Gentile Bellini: detail from the Miracle of the True Cross cycle. At the far right, a maidservant steadies a man about to take a dive into the canal to help retrieve the relic.

Even though at certain periods Venice was seen as a champion of the Christians against the Muslims, the Serenissima always maintained a close relationship with the East. In 1621, the Republic granted the Turkish merchants their own trading centre (to serve as a warehouse and lodgings) in the city and a grand palace on the Grand Canal was chosen for the purpose (from then on known as the ‘Fondaco dei Turchi’). A room was turned into a mosque and another area was adapted as a ritual bath house. Goods unloaded here from Turkish boats moored on the Grand Canal outside would include wax, oil, wood and raw hides (and later in the 18th century, tobacco).

The subject can be followed in other parts of Italy, too. The servants and peasants in the Medici household were sometimes included in paintings: in 1634 the court painter Suttermans was commissioned to paint two elderly peasant women, one holding a duck and one a basket of eggs, accompanied by ‘Piero Moro’ wearing a pearl earring, and around 1684 Anton Domenico Gabbiani produced a portrait of four Medici servants which features a ‘Moor’ gorgeously dressed in silk embroidered with yellow flowers.

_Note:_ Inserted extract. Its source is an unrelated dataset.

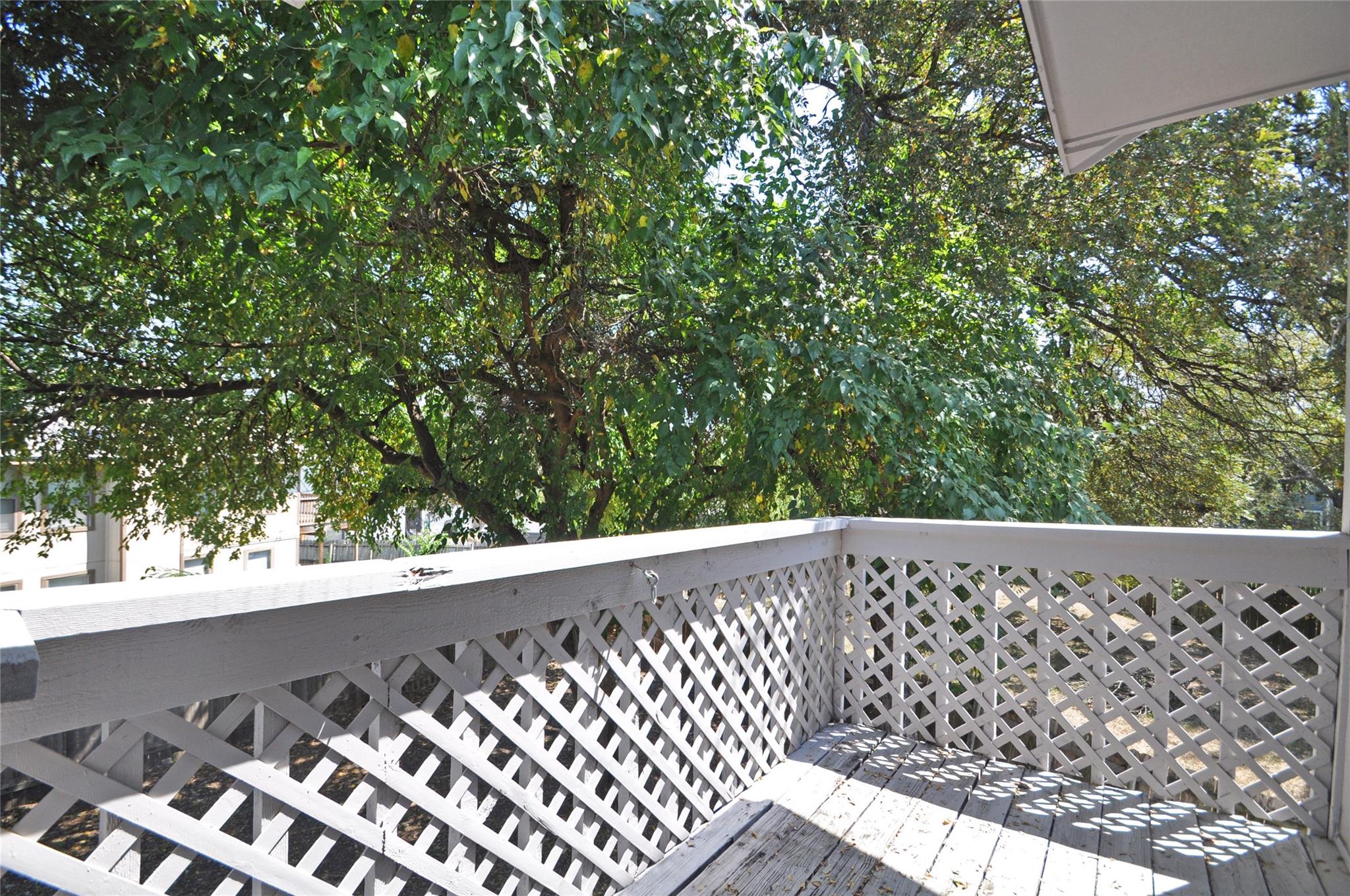 7804 Topawa Cv A Property Photo 19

The exquisite collections made by the Medici in Florence included the bust of a black woman made in onyx, pearl, gilded silver and gilded metal which is known to have been exhibited in the Tribuna of the Uffizi by 1589 (and is still in the Uffizi collection). There is also a portrait head of a young black girl dating from the 2nd century BC, owned by Francesco I, who had it made into a statuette by adding a black-and-white marble cloak (now in the collection of the Archaeological Museum in Florence).

In Rome there is an early 13th-century mosaic tondo on the Caelian hill showing Christ between two fettered captives, one white and the other black, at the entrance to a former Trinitarian hospice for the redemption of slaves. Present scholarship on the subject suggests that the black Africans who arrived in Venice as slaves were set free after a period of time and assimilated into society. But the definition of ‘slave’ and the history of slavery in Europe remains a very complex subject.

Alta Macadam

I am indebted to Professor Kate Lowe, whom I heard lecture some years ago on the subject of black Africans in Venice and slavery.